Tram Meeting At Portland State

In case I forgot why I hate meetings, the tram thing at Portland State brought it all back home. Plus, my ears hurt from all the audio-visual meltdowns. Picture three nervous city workers trying to get a computer presentation going and floundering. I got it on videotape so we will all be able to share the incompetence close up on cable access. Remember the movie, “The Right Stuff” when they were trying to show Sputnik footage to the President but their projector wasn’t plugged in? Same sort of deal. One bureaucratic project manager after another talked with squealing feedback a constant threat. A voice towards the back said, “I hope the tram works better than this.”
The questions from the audience were written down, and then the long presentations began. One guy talked about financing and nearly put a mind lock on my head. I looked right at Mayor Potter when I asked my question about security: Has there been any study of the security concerns, and I mentioned global security: What would it take to bring this beast down? The worse case scenarios. By the time the question was addressed, the answer for my global security concerns was that there would be surveillance cameras on the tram with OHSU guards looking at the monitors, and an attendant onboard.

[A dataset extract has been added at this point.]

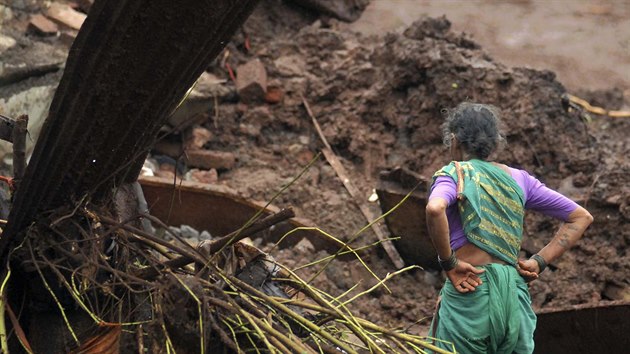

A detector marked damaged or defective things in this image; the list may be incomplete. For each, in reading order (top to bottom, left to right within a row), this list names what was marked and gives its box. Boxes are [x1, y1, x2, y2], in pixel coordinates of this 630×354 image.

Afterwards we got to follow up and I asked my real question. I even turned and addressed the crowd and I felt good about it, as if my conscience is now clear. Look, I didn’t get a horrible feeling about Sam and the Mayor. I went up to them as they stood together chatting, before it started and shook their hands. I said I’ve been taking a lot of shots at them on my blog and I wanted to owe up to it. They didn't seem awful or anything, but this project is a joke.

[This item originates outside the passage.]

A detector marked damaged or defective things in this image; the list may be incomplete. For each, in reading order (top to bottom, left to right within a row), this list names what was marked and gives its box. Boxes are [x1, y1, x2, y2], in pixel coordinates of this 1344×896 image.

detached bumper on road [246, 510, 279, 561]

The meeting was like wading through molasses but I was sort of proud to participate even though I came off as a little bit of a psycho. I never will fit in with this sort of society. Never.
The city government is a mess. I wouldn’t put this group of presentors in charge of a popcorn stand, much less our economic futures. I wanted to ask them how they could pull off the tram, when they couldn’t even get their audio-visual stuff working.